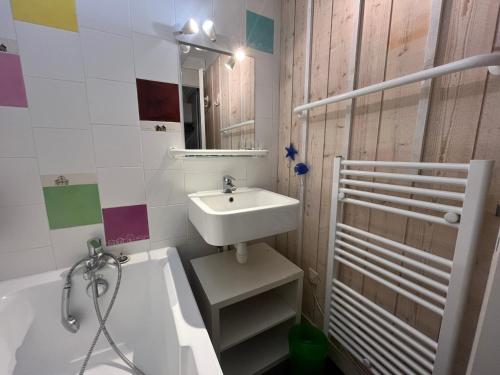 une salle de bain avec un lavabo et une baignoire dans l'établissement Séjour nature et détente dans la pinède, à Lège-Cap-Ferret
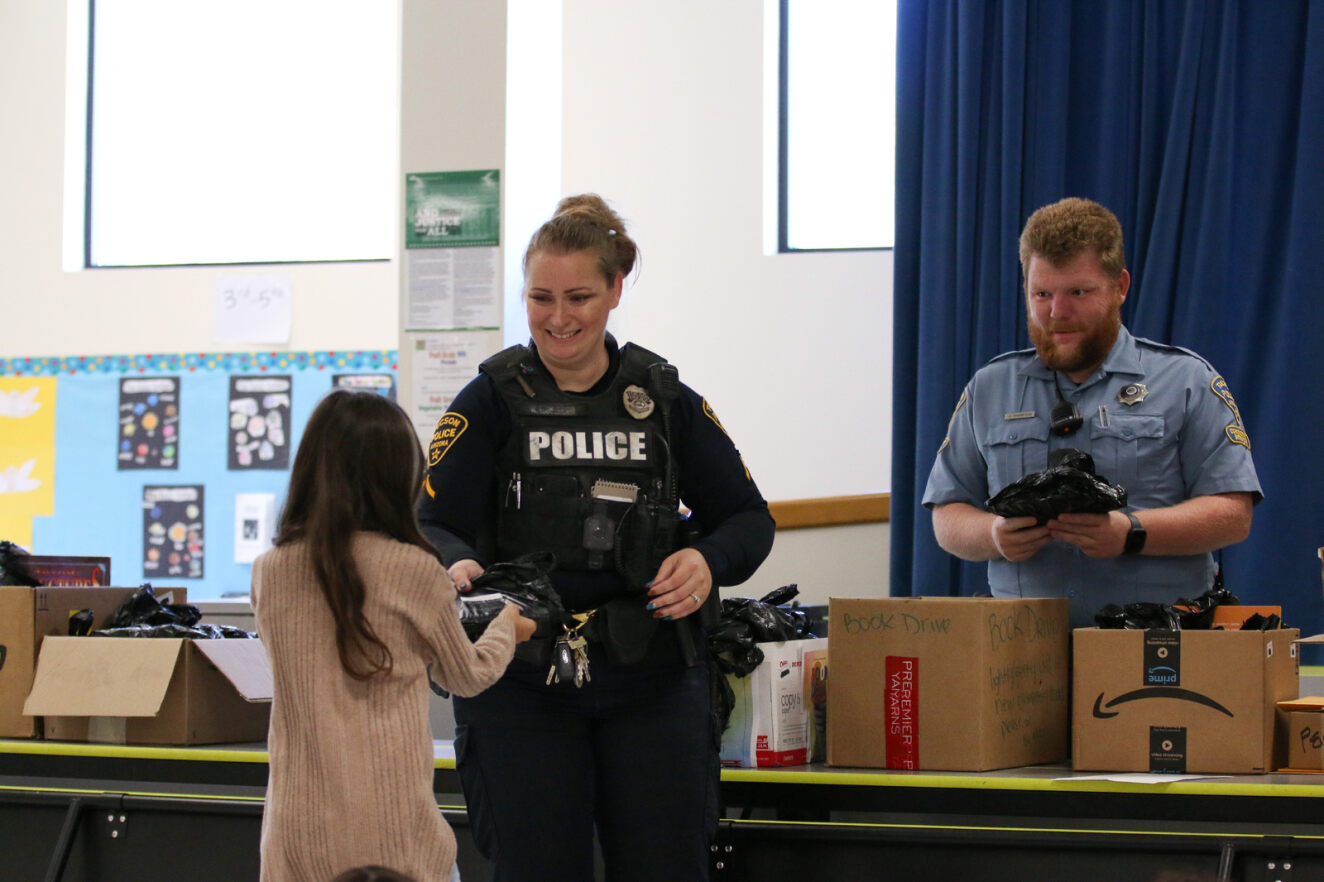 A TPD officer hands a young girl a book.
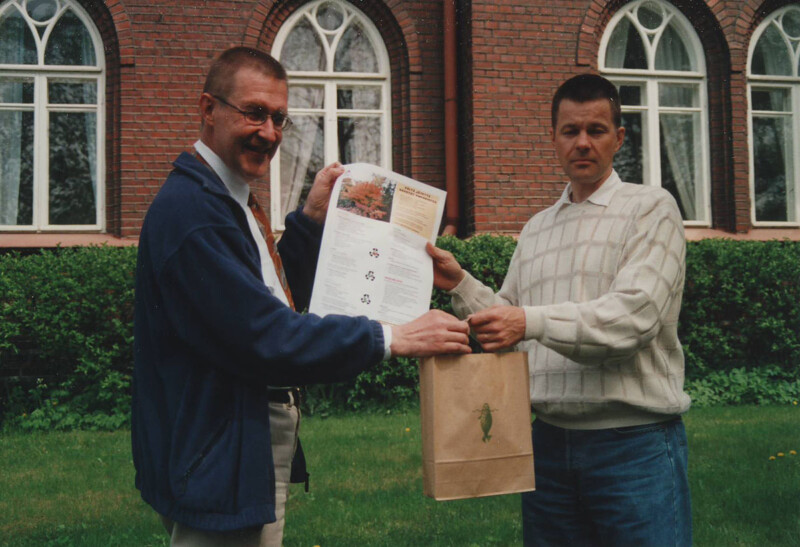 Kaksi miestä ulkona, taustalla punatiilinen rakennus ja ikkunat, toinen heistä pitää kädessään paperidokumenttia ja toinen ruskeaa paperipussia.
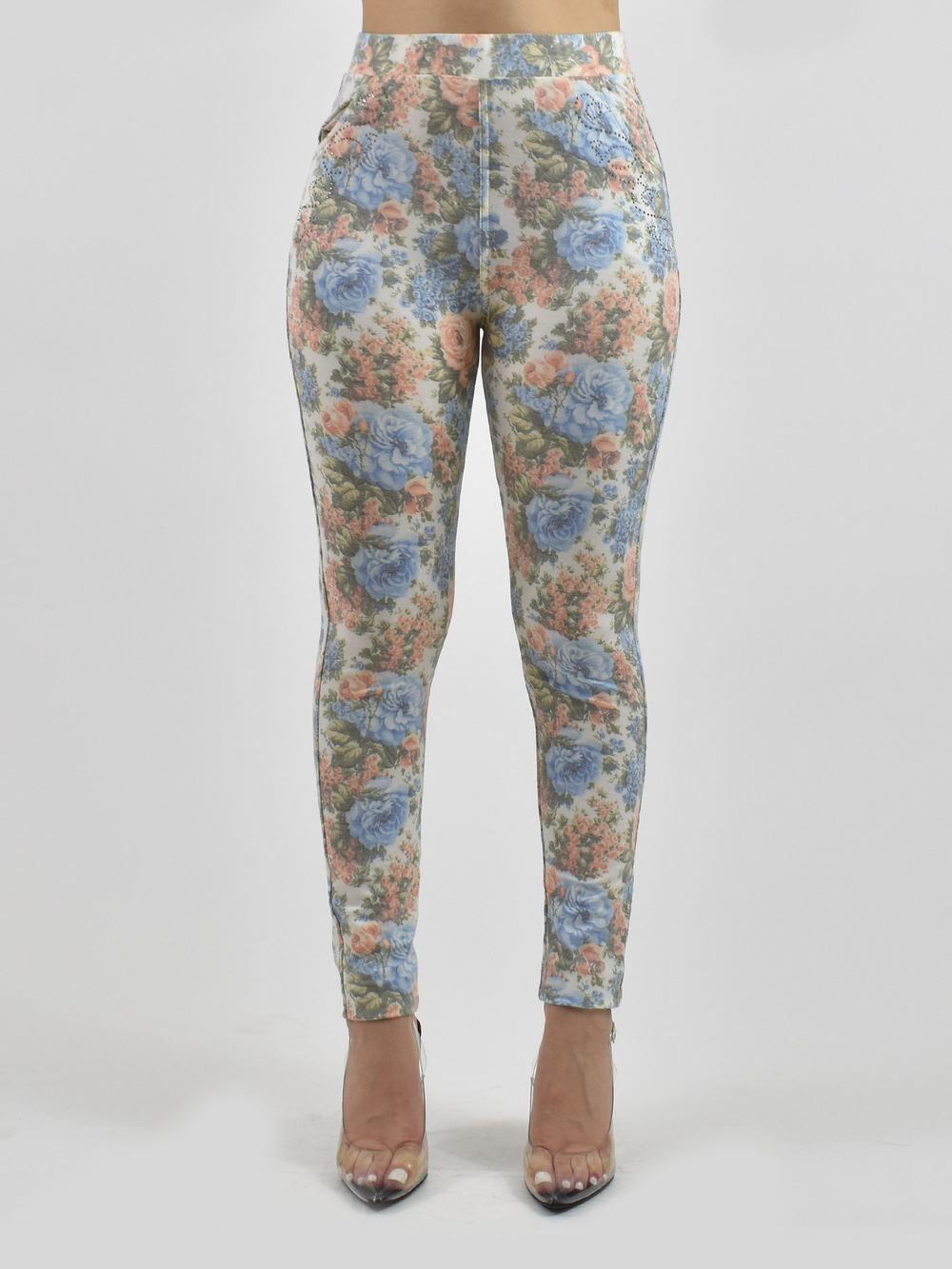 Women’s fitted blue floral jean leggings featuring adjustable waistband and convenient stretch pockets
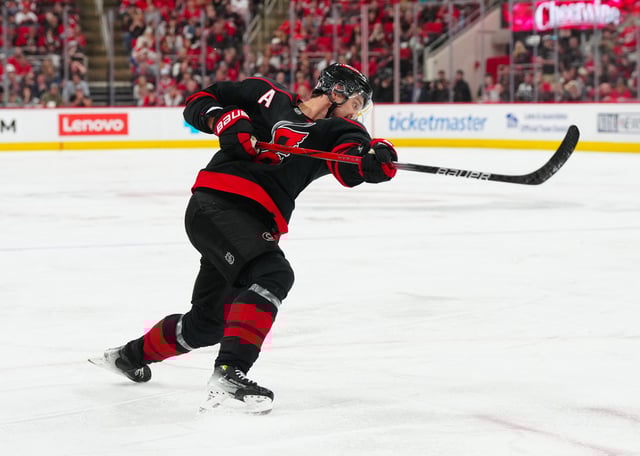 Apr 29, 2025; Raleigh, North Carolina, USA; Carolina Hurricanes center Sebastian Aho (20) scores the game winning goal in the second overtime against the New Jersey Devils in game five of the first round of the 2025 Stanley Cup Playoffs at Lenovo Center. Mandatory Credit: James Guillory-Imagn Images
***
- [ASSIGNED TASK]:
Transcribe exactly the lines above, running from the one that contains "A TPD officer hands a young girl a book." through the final line of the listing, and skip every picture.

- [ANSWER SECTION]:
 A TPD officer hands a young girl a book.
 Kaksi miestä ulkona, taustalla punatiilinen rakennus ja ikkunat, toinen heistä pitää kädessään paperidokumenttia ja toinen ruskeaa paperipussia.
 Women’s fitted blue floral jean leggings featuring adjustable waistband and convenient stretch pockets
 Apr 29, 2025; Raleigh, North Carolina, USA; Carolina Hurricanes center Sebastian Aho (20) scores the game winning goal in the second overtime against the New Jersey Devils in game five of the first round of the 2025 Stanley Cup Playoffs at Lenovo Center. Mandatory Credit: James Guillory-Imagn Images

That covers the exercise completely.